Although I haven't seen an official announcement from the airline, it seems that Interlink Airlines have been placed into provisional liquidation, with all its scheduled flights remaining grounded until a liquidator is appointed, who will then make a decision whether to continue trading and flying the airline or close it down, in consultation with officials from the Transport Department and the Civil Aviation Authority. It is understood a liquidator will be appointed early next month.
[No answers from Interlink when I tried to phone them this morning to confirm the facts in this article, but because of the importance of the information I have decided to distribute to our readers.]
The straw which broke the camel's back was probably the bird strike on the 28th December 2009, which resulted in Interlink suspending flights until the 25th January 2010. When Nationwide was grounded in late 2007 (albeit for different reasons), this also resulted in them going bankrupt.
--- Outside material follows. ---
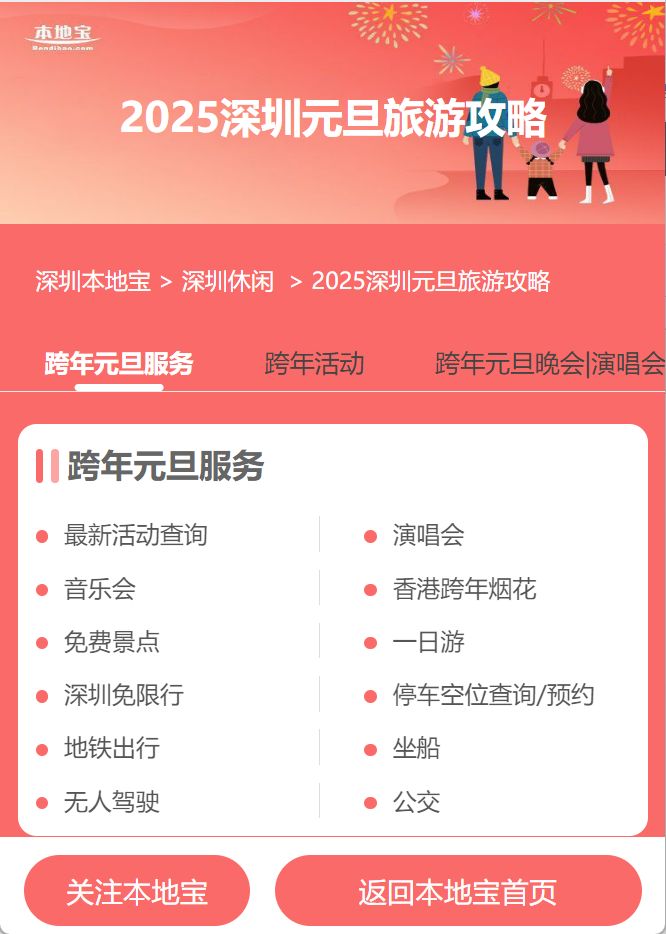 最新資訊分享，一段溫馨有趣的日常故事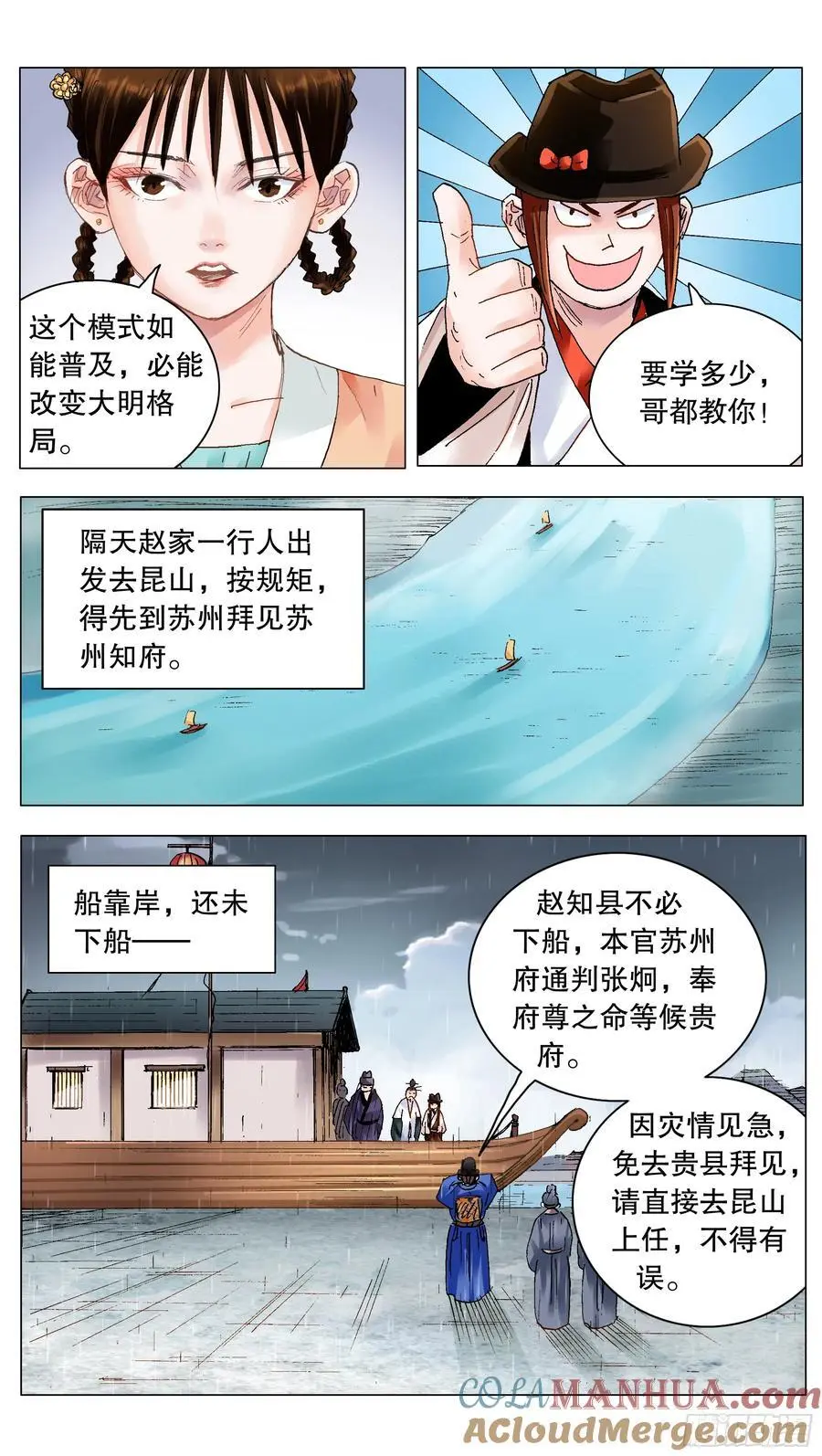 189 昆山我来啦 第6页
Airlines sometimes rent their aircraft (or go into debt to purchase aircraft), and they simply cannot keep up the payments if they don't have revenue coming in.
A provisional order for liquidation was granted in the South Gauteng High Court last week following several months of financial difficulties. Interlink Airlines launched a voluntary application for liquidation which was issued and served shortly thereafter to all interested parties. The application was heard on Tuesday, 23 Feb 2009, wherein a provisional order for liquidation was granted with a return time for the application in early May.
At this stage, all scheduled operations have been suspended.
Passengers are advised to wait for a formal announcement from Interlink Airline or liquidator, which is expected later in the week. In the interim, enquiries/refund requests can be directed to firstname.lastname@example.org.
I think the regulators in South Africa should take the following steps to help prevent this mess from happening again (and by mess, I mean passengers who have paid for tickets not being able to get their money back when an airline goes bankrupt):
Airlines should have to publish their balance sheet on a monthly basis, so that we can see whether they are running into difficulties.
Restrictions should be imposed on the percentage of their fleet which can be rented, and the percentage of their net asset value which can be borrowed.
If you cant afford to lose the value of your ticket (plus a markup for what it would cost to get a new ticket), then always take travel insurance.